Those Cute Little Sprouts
By Angie Brennan
We had an interesting culinary adventure the other night. On a whim, I decided to purchase some fresh Brussels sprouts from the grocery store. “Why are we having those?” asked my daughter as I began to prepare dinner. A fair question.
Brussels sprouts are not regular guests at our table. For one thing, they don’t look particularly appetizing. At least tomatoes and carrots are bright and festive-looking. Brussels sprouts, on the other hand, rank right up there with potted meat as food least likely to be used as a decorative garnish. Besides that, any food that makes you sound like a leaky bicycle tire when saying its name (just try pronouncing all four “s” sounds) is starting out with a bit of a handicap.
I admit it: I eat vegetables with almost as much reluctance as my kids do. Salad? Sure, I’ll eat it, as long as it’s loaded with high-fat dressing, croutons, and maybe some grated cheddar cheese. Other vegetables? Well, I like lettuce and tomatoes on my cheeseburger...
Once, in a fit of temporary insanity and nutritional productivity (always a dangerous combination), I planted a vegetable garden. Of course, not many of those veggie seedlings survived my decidedly un-green thumb. I did manage to produce an impressive crop of okra plants. Enough, in fact, to feed a small army of farm hands three times a day. Not that any farm hands would have wanted to eat them. When I attempted to make the tasty, crunchy fried okra I had as a child at my grandmother’s house, I ended up with something that resembled slimy bamboo. The okra crop was more an interesting landscaping curiosity than a source of food.

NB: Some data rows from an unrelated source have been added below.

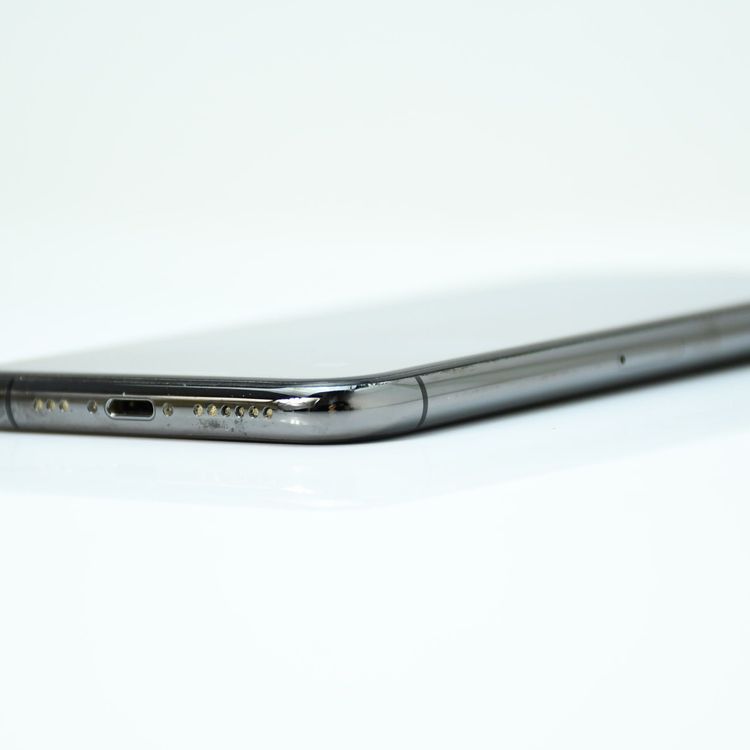 �����ʡ�SIM�ե꡼ docomo iPhone11 Pro 64GB ���ڡ������쥤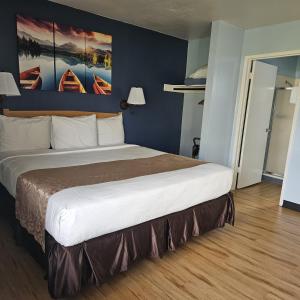 a bedroom with a large bed in a hotel room at Skylark Shores Resort in Lakeport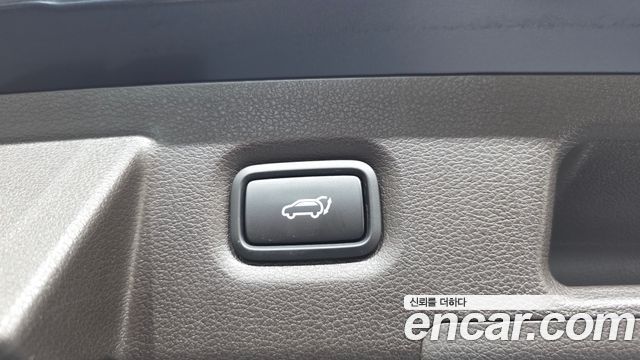Hyundai Santafe 2019 — photo 38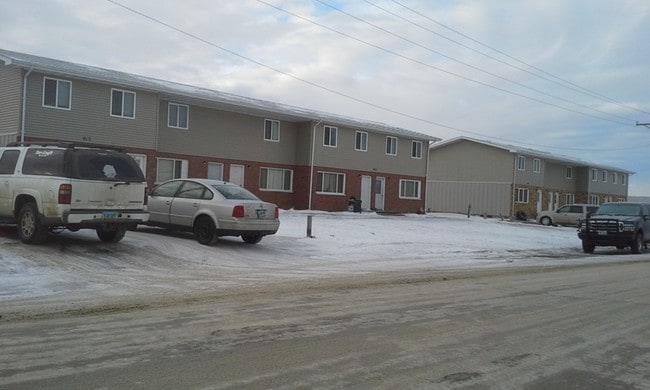 Primary Photo - Highland Court Apartments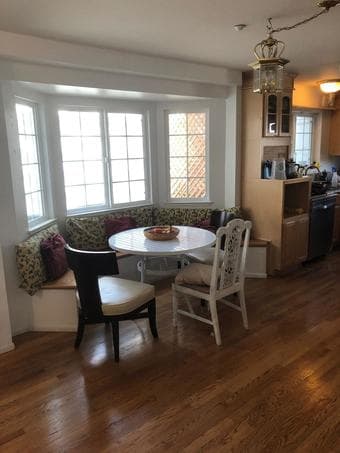 Sunny Room w/ Tall Ceilings @ Techie / Entrepreneur Incubator House 1
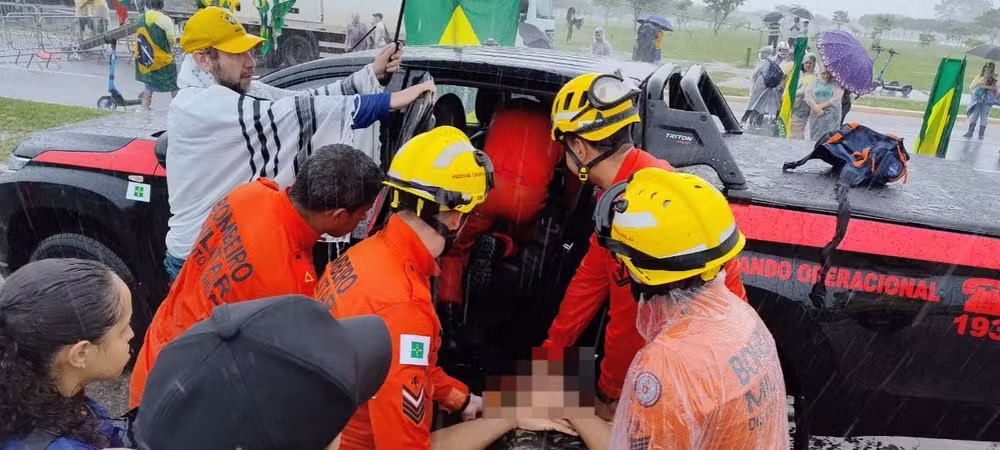 Raio atinge apoiadores de Bolsonaro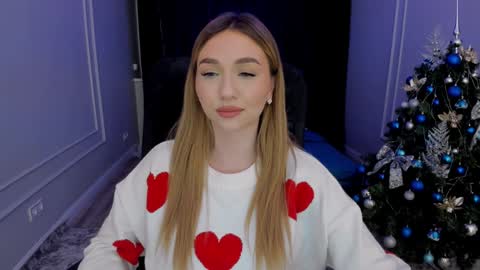 Snapshot of seaebreeze chatting on 12.21.24 Kate online show from 12.21.24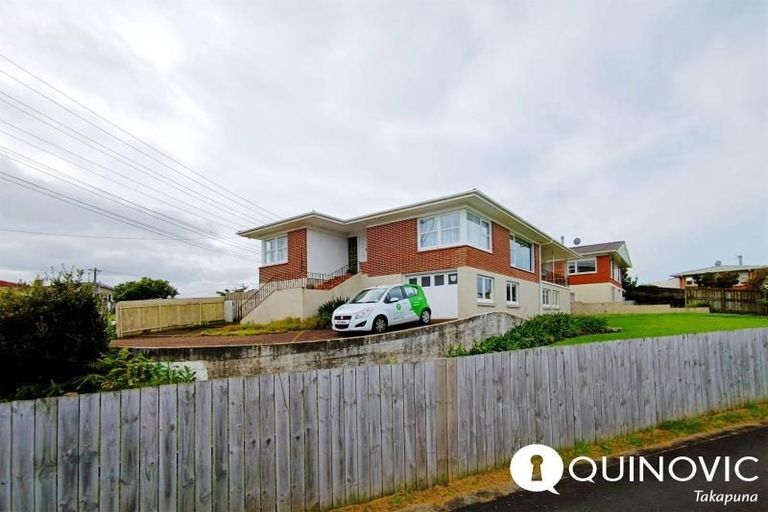 Photo of property in 520 Glenfield Road, Glenfield, Auckland, 0629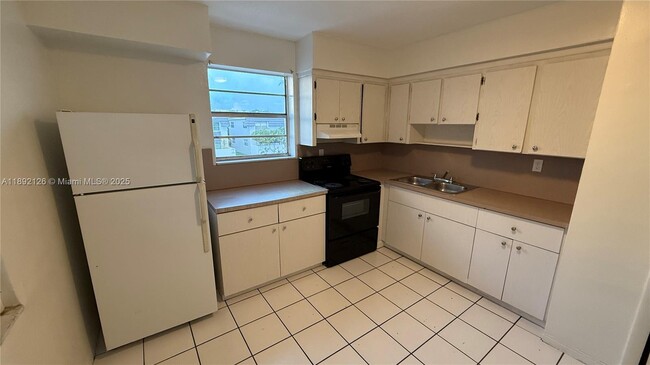 Building Photo - 3740 SW 59th Ave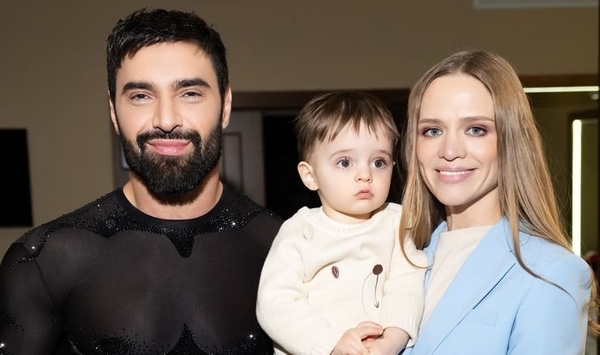 Жена Козловского впервые отвела в детсад 2-летнего сына: милые фото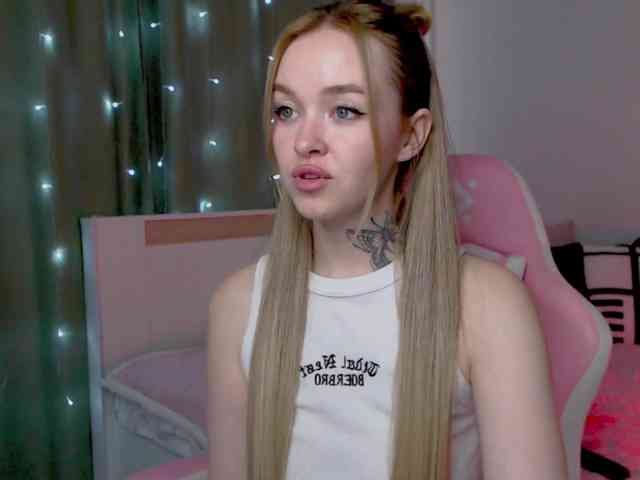 NaughtyMable webcam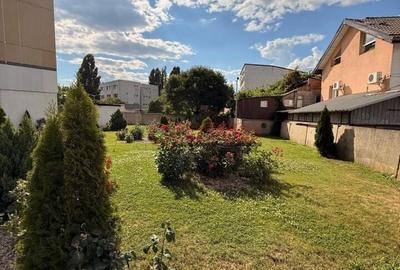 Apartament cu 2 camere decomandat în Apărătorii Patriei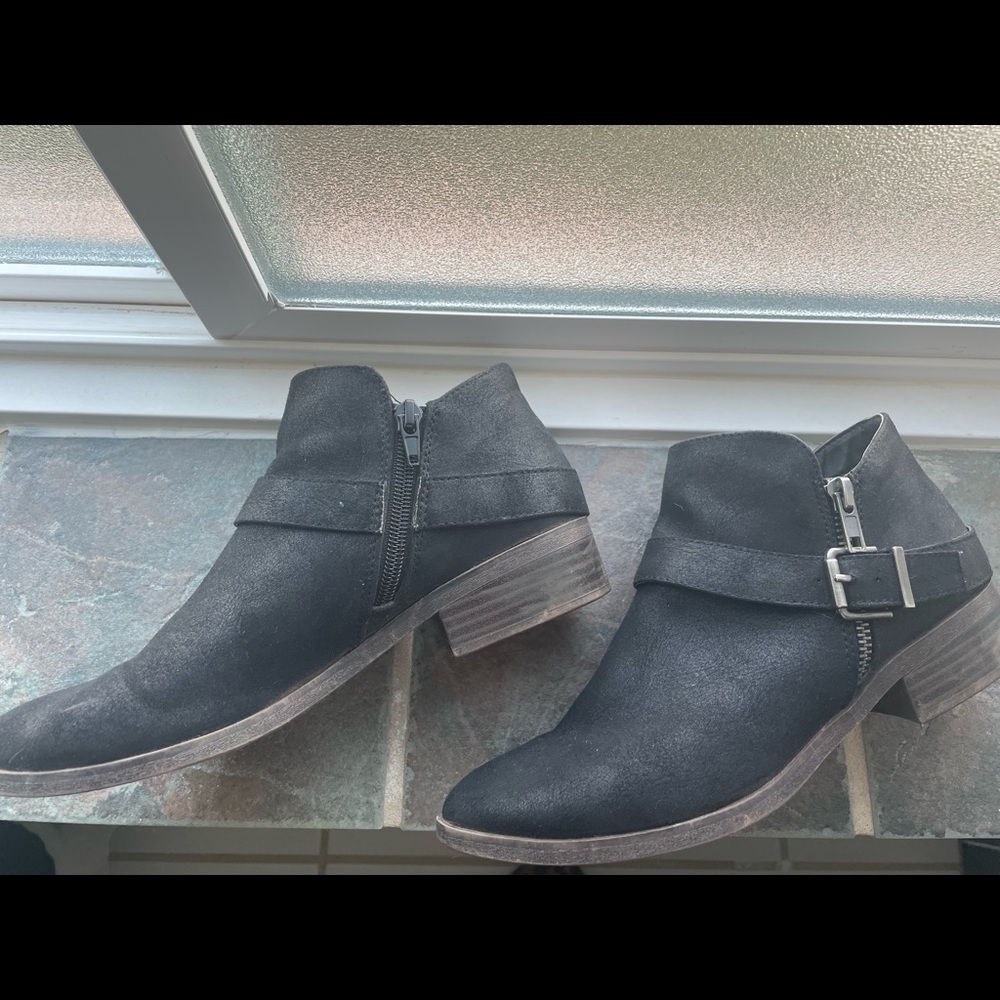 Size 7 1/2 low top black bootie
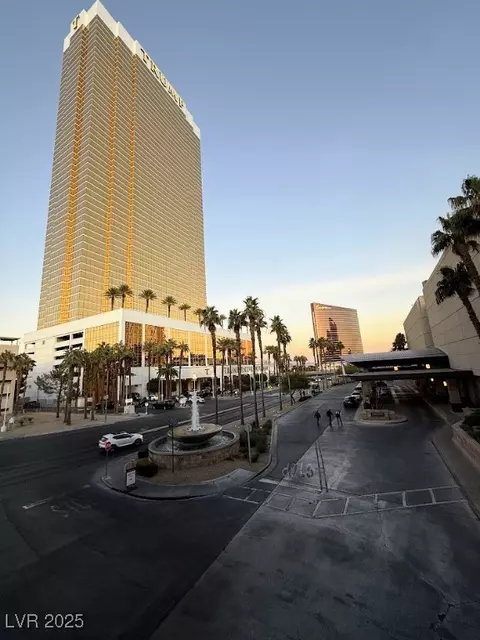 2000 N Fashion Show Dr #4328, Las Vegas, NV 89109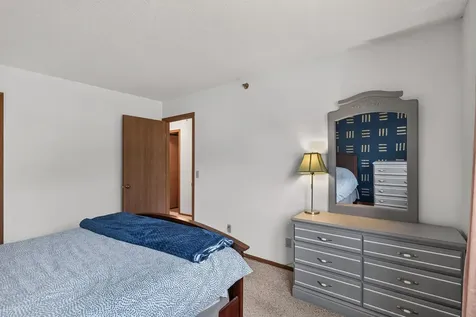 15155 Lesley Lane Eden Prairie MN 55346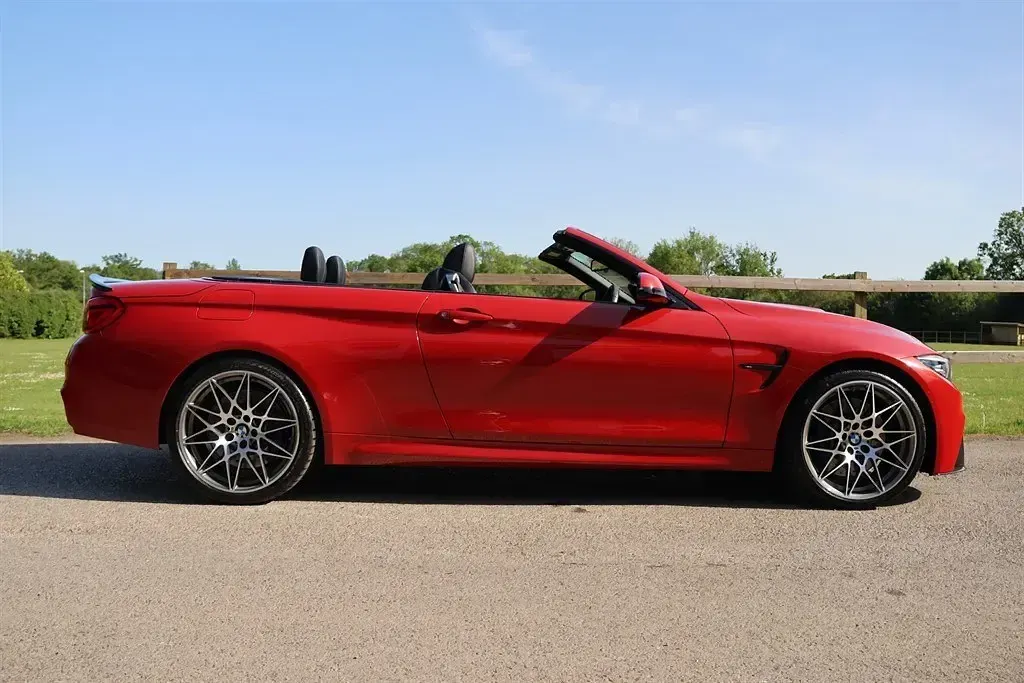 Usado BMW M4 Cabriolet Competition Edition 2017 Rojo Descapotable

Nevertheless, I decided to take my chances with Brussels sprouts. I’d read about how they have a deliciously subtle nutty flavor. An under-appreciated vegetable.
Finally the family was assembled and the food set out. My kids stared in horrified fascination at the strange green objects on their plates. “Aren’t they cute?” I said brightly. “They’re like miniature heads of lettuce!” Somehow that failed to fire their imaginations.
Then it came time to eat. My oldest obediently swallowed green blob after green blob with grim determination. My second continued to stare, unmoving. My youngest ignored the sprouts and cheerfully ate the rest of her meal.
So maybe they were kind of cute (the Brussels sprouts, not the kids). Still, the dish wasn’t much of a hit. But I have an idea of how to make my kids appreciate Brussels sprouts...next week I’ll whip up a batch of Mom’s Famous Slimed Okra. I can add a big dollop of potted meat on the side. After that, they’ll be begging for those nutty-tasting Brussels sprouts.
On second thought, maybe I’ll just stick with cheeseburgers. Ketchup counts as a vegetable, right?